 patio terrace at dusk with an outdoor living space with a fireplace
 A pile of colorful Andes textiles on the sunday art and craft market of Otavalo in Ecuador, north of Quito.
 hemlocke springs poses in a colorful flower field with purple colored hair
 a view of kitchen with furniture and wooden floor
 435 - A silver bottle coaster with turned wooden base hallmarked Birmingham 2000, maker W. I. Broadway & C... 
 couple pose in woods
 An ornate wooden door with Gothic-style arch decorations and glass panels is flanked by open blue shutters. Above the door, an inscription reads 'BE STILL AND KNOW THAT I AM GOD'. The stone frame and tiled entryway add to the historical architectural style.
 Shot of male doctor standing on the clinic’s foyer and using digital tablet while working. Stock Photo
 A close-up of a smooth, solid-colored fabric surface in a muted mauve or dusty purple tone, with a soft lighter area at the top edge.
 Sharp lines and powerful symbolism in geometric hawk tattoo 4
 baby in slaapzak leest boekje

◇ ◇ ◇ ◇

- _Your assignment_: Print the listing above in full, exactly as it is.

- _Task answer_:
 patio terrace at dusk with an outdoor living space with a fireplace
 A pile of colorful Andes textiles on the sunday art and craft market of Otavalo in Ecuador, north of Quito.
 hemlocke springs poses in a colorful flower field with purple colored hair
 a view of kitchen with furniture and wooden floor
 435 - A silver bottle coaster with turned wooden base hallmarked Birmingham 2000, maker W. I. Broadway & C... 
 couple pose in woods
 An ornate wooden door with Gothic-style arch decorations and glass panels is flanked by open blue shutters. Above the door, an inscription reads 'BE STILL AND KNOW THAT I AM GOD'. The stone frame and tiled entryway add to the historical architectural style.
 Shot of male doctor standing on the clinic’s foyer and using digital tablet while working. Stock Photo
 A close-up of a smooth, solid-colored fabric surface in a muted mauve or dusty purple tone, with a soft lighter area at the top edge.
 Sharp lines and powerful symbolism in geometric hawk tattoo 4
 baby in slaapzak leest boekje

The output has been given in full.